- 1 1/2 lbs. -approx. 5- crisp apples (such as Fuji or Braeburn)
- 3 tbl. unsalted butter
- 3/4 c. sugar
- 1/4 c. fresh lemon juice -approx 2.5 lemons-
- 2 tbl. Calvados (apple brandy)
- 2 tsp. cornstarch
I had way more apples and lemons than necessary |
- 1 c. all-purpose flour
- 1/2 c. sugar
- 1/2 c. brown sugar
- 1/2 c. oats
- 1/4 c. chopped pecans
- 1/4 c. shredded coconut
- 3 tbl. unsalted butter, melted
Instructions:
Perfectly golden brown |
- Preheat oven to 350 degrees.
- Combine flour, sugar, brown sugar, oats, pecans, and coconut in a large bowl; stir until well combined.
- Slowly add melted butter to the bowl, stirring to incorporate.
- Pour mixture onto an un-greased cookie sheet, breaking up large clumps with your fingers.

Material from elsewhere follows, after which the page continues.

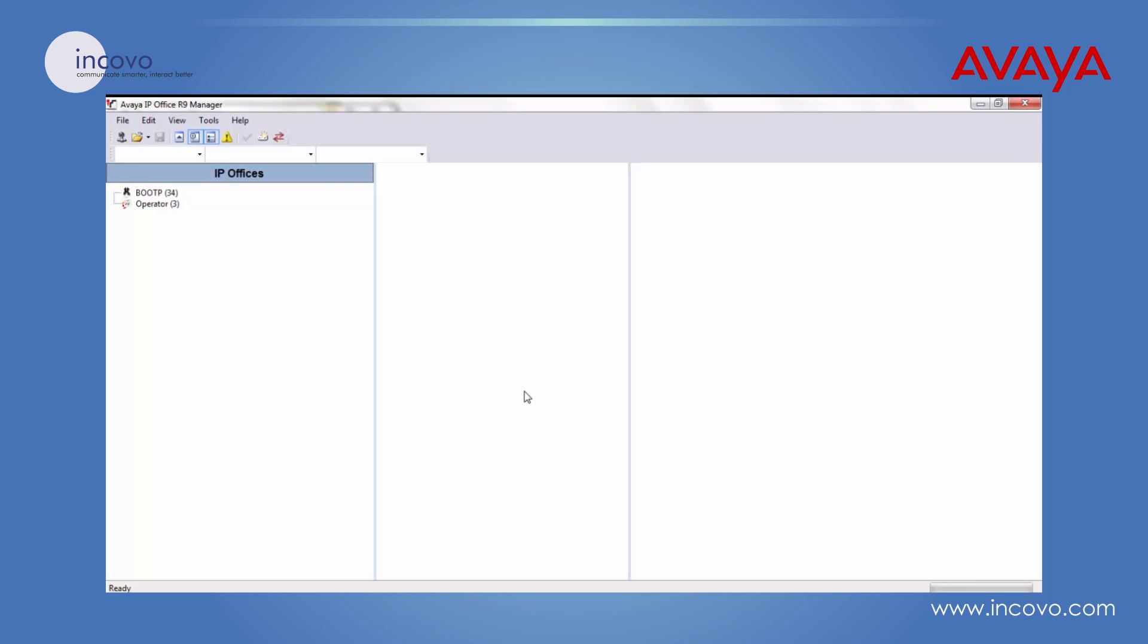Now this means that user can dial that DDI number and get into the system's voicemail where they'll be able to enter their extension and the voicemail code and be able to listen to their voicemails.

- Bake 10-14 minutes, or until golden brown.
- Set aside to cool slightly; break up any remaining big pieces to achieve a crumbly consistency.
- Peel apples and cut into 1/4 inch dice. Set aside.
- Melt butter in a large saute pan over medium heat; add sugar, and stir about 2 minutes or until sugar melts.
- Add diced apples and cook about 3 minutes or until apples just begin to soften.
- Combine lemon juice, Calvados, and cornstarch in a small bowl; stir until cornstarch is dissolved.
- Add lemon juice mixture to the pan, and cook about 4 minutes, stirring until juice thickens.
- Spoon warm apple filling into serving dish and sprinkle with crumble topping.
- Serve with a scoop of ice cream on the side.
Baking Notes
- I added a little more butter to the crumble topping as well as the filling because neither were quite wet enough.
- I did not have/use any Calvados, so I added a little vanilla (maybe a 1/2 tsp.) in it’s place.
- My husband can’t stand coconut, so I did not use that either (but I love coconut, and can only imagine how good it would’ve been) – instead I replaced it with an extra 1/4 cup of pecans.
- In my opinion, the crumble topping is not proportional to the amount of apple filling. I think you could double the filling and it would be about right.
- I wonder what a little cinnamon would do this… I bet it would be good (not that I missed it)!
I wanted to stick with the “easy” in this recipe, so I skipped making the manchego cheese ice cream (but it sounds crazy good!) and just topped my apple crisp with some regular vanilla. We almost didn’t use any ice cream at all, but the crisp is so sweet and the apples so warm and slightly tart that the cool, fresh ice cream was almost necessary. Friends – I must admit, I don’t even like desserts with cooked apples (yes, that includes apple pie, and no I’m not un-American). But this was just so, so, sooooo good – I loved it! It’s quite rich, and even with lunch or dinner that day I couldn’t eat my full serving (shown in the pictures). So although I was dubious that the recipe would produce 6 servings, I now understand that they are small servings because that’s really all you need! I would whole-heartedly recommend this recipe to anyone! It’s a little time-consuming with preparing the apples, but very simple to do. Happy fall ya’ll!